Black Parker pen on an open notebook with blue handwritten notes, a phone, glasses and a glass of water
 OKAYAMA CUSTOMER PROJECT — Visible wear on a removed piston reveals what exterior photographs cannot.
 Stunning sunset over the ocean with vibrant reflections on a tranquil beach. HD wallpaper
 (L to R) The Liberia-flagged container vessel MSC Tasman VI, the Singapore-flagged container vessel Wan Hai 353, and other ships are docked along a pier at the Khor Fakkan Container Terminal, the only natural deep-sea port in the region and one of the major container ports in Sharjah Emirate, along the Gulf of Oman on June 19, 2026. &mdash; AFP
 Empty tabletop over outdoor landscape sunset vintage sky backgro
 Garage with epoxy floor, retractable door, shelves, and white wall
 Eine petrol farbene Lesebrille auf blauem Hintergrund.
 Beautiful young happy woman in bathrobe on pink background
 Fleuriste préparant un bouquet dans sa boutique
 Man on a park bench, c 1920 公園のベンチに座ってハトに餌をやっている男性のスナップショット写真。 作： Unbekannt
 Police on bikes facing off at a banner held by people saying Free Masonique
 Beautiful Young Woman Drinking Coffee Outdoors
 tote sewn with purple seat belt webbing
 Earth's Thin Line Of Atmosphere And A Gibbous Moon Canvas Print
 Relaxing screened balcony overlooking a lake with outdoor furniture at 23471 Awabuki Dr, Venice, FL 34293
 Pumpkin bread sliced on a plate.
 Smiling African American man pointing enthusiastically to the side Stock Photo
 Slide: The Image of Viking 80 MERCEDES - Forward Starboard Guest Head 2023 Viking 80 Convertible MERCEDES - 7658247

◆ ◆ ◆ ◆ ◆

### Try it
In the data above, find the line that contains "OKAYAMA CUSTOMER PROJECT" and the line that contains "Police on bikes". Repeat exactly those lines and every line between them, and only those.

### Completed exercise
 OKAYAMA CUSTOMER PROJECT — Visible wear on a removed piston reveals what exterior photographs cannot.
 Stunning sunset over the ocean with vibrant reflections on a tranquil beach. HD wallpaper
 (L to R) The Liberia-flagged container vessel MSC Tasman VI, the Singapore-flagged container vessel Wan Hai 353, and other ships are docked along a pier at the Khor Fakkan Container Terminal, the only natural deep-sea port in the region and one of the major container ports in Sharjah Emirate, along the Gulf of Oman on June 19, 2026. &mdash; AFP
 Empty tabletop over outdoor landscape sunset vintage sky backgro
 Garage with epoxy floor, retractable door, shelves, and white wall
 Eine petrol farbene Lesebrille auf blauem Hintergrund.
 Beautiful young happy woman in bathrobe on pink background
 Fleuriste préparant un bouquet dans sa boutique
 Man on a park bench, c 1920 公園のベンチに座ってハトに餌をやっている男性のスナップショット写真。 作： Unbekannt
 Police on bikes facing off at a banner held by people saying Free Masonique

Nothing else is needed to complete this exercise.